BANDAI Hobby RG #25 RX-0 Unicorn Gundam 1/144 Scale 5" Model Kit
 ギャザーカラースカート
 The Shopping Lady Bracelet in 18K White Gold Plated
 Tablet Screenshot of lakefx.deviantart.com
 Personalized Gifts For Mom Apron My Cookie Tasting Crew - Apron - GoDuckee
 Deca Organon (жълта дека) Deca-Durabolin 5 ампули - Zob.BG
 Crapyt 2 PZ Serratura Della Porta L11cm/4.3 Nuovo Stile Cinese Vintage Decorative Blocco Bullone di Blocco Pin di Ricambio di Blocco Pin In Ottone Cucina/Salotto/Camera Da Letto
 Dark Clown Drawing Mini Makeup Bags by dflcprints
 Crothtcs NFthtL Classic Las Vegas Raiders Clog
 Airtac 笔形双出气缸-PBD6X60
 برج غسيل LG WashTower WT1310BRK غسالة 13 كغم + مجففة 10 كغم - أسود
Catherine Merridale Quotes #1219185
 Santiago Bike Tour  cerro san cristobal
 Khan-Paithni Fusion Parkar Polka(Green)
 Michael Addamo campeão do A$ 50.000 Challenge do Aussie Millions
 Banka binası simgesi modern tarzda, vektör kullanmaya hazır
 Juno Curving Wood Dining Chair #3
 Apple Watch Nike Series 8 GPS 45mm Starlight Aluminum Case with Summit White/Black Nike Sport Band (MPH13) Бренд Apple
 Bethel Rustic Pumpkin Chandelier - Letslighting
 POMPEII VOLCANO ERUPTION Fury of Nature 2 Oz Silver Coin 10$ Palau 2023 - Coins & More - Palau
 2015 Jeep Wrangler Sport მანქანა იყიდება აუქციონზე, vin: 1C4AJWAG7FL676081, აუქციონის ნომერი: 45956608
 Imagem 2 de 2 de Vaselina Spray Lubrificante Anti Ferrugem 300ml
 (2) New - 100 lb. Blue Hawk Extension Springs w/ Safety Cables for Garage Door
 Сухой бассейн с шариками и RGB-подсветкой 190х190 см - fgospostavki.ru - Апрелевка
---------------
_Work required_
Please retype all of the material above, keeping it exact.

_Result of this task_
BANDAI Hobby RG #25 RX-0 Unicorn Gundam 1/144 Scale 5" Model Kit
 ギャザーカラースカート
 The Shopping Lady Bracelet in 18K White Gold Plated
 Tablet Screenshot of lakefx.deviantart.com
 Personalized Gifts For Mom Apron My Cookie Tasting Crew - Apron - GoDuckee
 Deca Organon (жълта дека) Deca-Durabolin 5 ампули - Zob.BG
 Crapyt 2 PZ Serratura Della Porta L11cm/4.3 Nuovo Stile Cinese Vintage Decorative Blocco Bullone di Blocco Pin di Ricambio di Blocco Pin In Ottone Cucina/Salotto/Camera Da Letto
 Dark Clown Drawing Mini Makeup Bags by dflcprints
 Crothtcs NFthtL Classic Las Vegas Raiders Clog
 Airtac 笔形双出气缸-PBD6X60
 برج غسيل LG WashTower WT1310BRK غسالة 13 كغم + مجففة 10 كغم - أسود
Catherine Merridale Quotes #1219185
 Santiago Bike Tour  cerro san cristobal
 Khan-Paithni Fusion Parkar Polka(Green)
 Michael Addamo campeão do A$ 50.000 Challenge do Aussie Millions
 Banka binası simgesi modern tarzda, vektör kullanmaya hazır
 Juno Curving Wood Dining Chair #3
 Apple Watch Nike Series 8 GPS 45mm Starlight Aluminum Case with Summit White/Black Nike Sport Band (MPH13) Бренд Apple
 Bethel Rustic Pumpkin Chandelier - Letslighting
 POMPEII VOLCANO ERUPTION Fury of Nature 2 Oz Silver Coin 10$ Palau 2023 - Coins & More - Palau
 2015 Jeep Wrangler Sport მანქანა იყიდება აუქციონზე, vin: 1C4AJWAG7FL676081, აუქციონის ნომერი: 45956608
 Imagem 2 de 2 de Vaselina Spray Lubrificante Anti Ferrugem 300ml
 (2) New - 100 lb. Blue Hawk Extension Springs w/ Safety Cables for Garage Door
 Сухой бассейн с шариками и RGB-подсветкой 190х190 см - fgospostavki.ru - Апрелевка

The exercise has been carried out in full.